TASK BRIEF: Give back only the lines from the one with "i storlek S💕" through the last line of the data, exactly as they appear.

★ ★ ★ ★ ★

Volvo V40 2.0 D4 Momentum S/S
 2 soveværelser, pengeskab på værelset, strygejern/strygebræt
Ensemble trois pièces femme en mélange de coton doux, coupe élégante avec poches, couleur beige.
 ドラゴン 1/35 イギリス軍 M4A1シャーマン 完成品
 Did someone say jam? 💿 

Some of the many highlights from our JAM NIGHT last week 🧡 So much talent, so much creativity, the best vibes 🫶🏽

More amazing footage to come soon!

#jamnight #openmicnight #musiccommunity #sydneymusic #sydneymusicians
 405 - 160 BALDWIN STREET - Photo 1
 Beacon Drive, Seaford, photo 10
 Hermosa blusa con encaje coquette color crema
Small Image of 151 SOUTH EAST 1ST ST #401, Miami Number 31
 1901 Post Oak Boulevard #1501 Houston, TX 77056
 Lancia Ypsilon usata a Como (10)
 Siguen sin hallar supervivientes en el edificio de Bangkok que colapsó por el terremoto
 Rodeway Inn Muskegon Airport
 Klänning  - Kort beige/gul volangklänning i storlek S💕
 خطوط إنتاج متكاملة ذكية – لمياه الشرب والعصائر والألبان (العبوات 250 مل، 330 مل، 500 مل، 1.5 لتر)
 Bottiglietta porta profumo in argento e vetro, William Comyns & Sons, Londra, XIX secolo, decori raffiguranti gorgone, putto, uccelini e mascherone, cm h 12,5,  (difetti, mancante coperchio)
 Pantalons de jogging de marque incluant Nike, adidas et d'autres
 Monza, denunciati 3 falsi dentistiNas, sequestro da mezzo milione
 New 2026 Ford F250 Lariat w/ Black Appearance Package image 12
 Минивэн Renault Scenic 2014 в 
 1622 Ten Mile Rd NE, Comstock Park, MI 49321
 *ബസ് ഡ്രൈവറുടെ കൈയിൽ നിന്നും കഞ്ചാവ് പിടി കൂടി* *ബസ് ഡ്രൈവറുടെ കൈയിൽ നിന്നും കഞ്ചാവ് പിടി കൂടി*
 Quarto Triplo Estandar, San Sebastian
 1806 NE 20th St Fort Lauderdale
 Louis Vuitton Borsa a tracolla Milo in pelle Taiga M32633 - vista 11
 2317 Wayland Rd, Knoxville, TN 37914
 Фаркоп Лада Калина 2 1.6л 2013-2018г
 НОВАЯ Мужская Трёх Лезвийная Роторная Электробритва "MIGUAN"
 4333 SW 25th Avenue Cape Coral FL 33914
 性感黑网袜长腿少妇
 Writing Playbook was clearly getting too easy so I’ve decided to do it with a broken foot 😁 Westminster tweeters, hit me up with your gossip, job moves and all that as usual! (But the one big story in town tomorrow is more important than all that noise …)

★ ★ ★ ★ ★

ANSWER BELOW:
 Klänning  - Kort beige/gul volangklänning i storlek S💕
 خطوط إنتاج متكاملة ذكية – لمياه الشرب والعصائر والألبان (العبوات 250 مل، 330 مل، 500 مل، 1.5 لتر)
 Bottiglietta porta profumo in argento e vetro, William Comyns & Sons, Londra, XIX secolo, decori raffiguranti gorgone, putto, uccelini e mascherone, cm h 12,5,  (difetti, mancante coperchio)
 Pantalons de jogging de marque incluant Nike, adidas et d'autres
 Monza, denunciati 3 falsi dentistiNas, sequestro da mezzo milione
 New 2026 Ford F250 Lariat w/ Black Appearance Package image 12
 Минивэн Renault Scenic 2014 в 
 1622 Ten Mile Rd NE, Comstock Park, MI 49321
 *ബസ് ഡ്രൈവറുടെ കൈയിൽ നിന്നും കഞ്ചാവ് പിടി കൂടി* *ബസ് ഡ്രൈവറുടെ കൈയിൽ നിന്നും കഞ്ചാവ് പിടി കൂടി*
 Quarto Triplo Estandar, San Sebastian
 1806 NE 20th St Fort Lauderdale
 Louis Vuitton Borsa a tracolla Milo in pelle Taiga M32633 - vista 11
 2317 Wayland Rd, Knoxville, TN 37914
 Фаркоп Лада Калина 2 1.6л 2013-2018г
 НОВАЯ Мужская Трёх Лезвийная Роторная Электробритва "MIGUAN"
 4333 SW 25th Avenue Cape Coral FL 33914
 性感黑网袜长腿少妇
 Writing Playbook was clearly getting too easy so I’ve decided to do it with a broken foot 😁 Westminster tweeters, hit me up with your gossip, job moves and all that as usual! (But the one big story in town tomorrow is more important than all that noise …)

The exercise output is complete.